Instructions to follow - Present the lines below again, exactly as they stand.
Available records START
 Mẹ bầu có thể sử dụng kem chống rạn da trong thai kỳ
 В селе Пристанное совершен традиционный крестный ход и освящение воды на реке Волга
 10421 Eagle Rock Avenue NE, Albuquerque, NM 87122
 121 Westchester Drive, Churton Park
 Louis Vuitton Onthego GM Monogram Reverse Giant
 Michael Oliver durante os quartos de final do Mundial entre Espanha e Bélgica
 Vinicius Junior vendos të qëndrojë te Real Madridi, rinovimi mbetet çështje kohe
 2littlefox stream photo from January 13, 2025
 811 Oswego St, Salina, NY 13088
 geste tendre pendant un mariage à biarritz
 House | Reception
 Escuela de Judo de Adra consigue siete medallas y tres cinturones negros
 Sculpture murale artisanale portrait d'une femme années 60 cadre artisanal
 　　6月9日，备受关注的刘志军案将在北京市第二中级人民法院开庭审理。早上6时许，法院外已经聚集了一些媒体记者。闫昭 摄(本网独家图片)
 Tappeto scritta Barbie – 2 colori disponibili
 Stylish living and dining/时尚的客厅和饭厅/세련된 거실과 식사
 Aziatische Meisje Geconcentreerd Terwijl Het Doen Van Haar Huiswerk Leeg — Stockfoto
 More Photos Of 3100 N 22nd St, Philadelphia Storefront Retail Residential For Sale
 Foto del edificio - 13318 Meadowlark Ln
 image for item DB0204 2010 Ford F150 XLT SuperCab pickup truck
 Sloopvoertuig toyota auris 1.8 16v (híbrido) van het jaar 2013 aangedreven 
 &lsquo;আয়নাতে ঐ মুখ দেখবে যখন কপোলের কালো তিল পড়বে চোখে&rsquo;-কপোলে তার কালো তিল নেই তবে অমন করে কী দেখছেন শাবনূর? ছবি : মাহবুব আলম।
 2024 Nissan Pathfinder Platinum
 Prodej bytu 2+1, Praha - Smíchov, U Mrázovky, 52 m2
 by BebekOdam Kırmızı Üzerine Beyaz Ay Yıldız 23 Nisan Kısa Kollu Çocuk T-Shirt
Available records END
Answer section -
 Mẹ bầu có thể sử dụng kem chống rạn da trong thai kỳ
 В селе Пристанное совершен традиционный крестный ход и освящение воды на реке Волга
 10421 Eagle Rock Avenue NE, Albuquerque, NM 87122
 121 Westchester Drive, Churton Park
 Louis Vuitton Onthego GM Monogram Reverse Giant
 Michael Oliver durante os quartos de final do Mundial entre Espanha e Bélgica
 Vinicius Junior vendos të qëndrojë te Real Madridi, rinovimi mbetet çështje kohe
 2littlefox stream photo from January 13, 2025
 811 Oswego St, Salina, NY 13088
 geste tendre pendant un mariage à biarritz
 House | Reception
 Escuela de Judo de Adra consigue siete medallas y tres cinturones negros
 Sculpture murale artisanale portrait d'une femme années 60 cadre artisanal
 　　6月9日，备受关注的刘志军案将在北京市第二中级人民法院开庭审理。早上6时许，法院外已经聚集了一些媒体记者。闫昭 摄(本网独家图片)
 Tappeto scritta Barbie – 2 colori disponibili
 Stylish living and dining/时尚的客厅和饭厅/세련된 거실과 식사
 Aziatische Meisje Geconcentreerd Terwijl Het Doen Van Haar Huiswerk Leeg — Stockfoto
 More Photos Of 3100 N 22nd St, Philadelphia Storefront Retail Residential For Sale
 Foto del edificio - 13318 Meadowlark Ln
 image for item DB0204 2010 Ford F150 XLT SuperCab pickup truck
 Sloopvoertuig toyota auris 1.8 16v (híbrido) van het jaar 2013 aangedreven 
 &lsquo;আয়নাতে ঐ মুখ দেখবে যখন কপোলের কালো তিল পড়বে চোখে&rsquo;-কপোলে তার কালো তিল নেই তবে অমন করে কী দেখছেন শাবনূর? ছবি : মাহবুব আলম।
 2024 Nissan Pathfinder Platinum
 Prodej bytu 2+1, Praha - Smíchov, U Mrázovky, 52 m2
 by BebekOdam Kırmızı Üzerine Beyaz Ay Yıldız 23 Nisan Kısa Kollu Çocuk T-Shirt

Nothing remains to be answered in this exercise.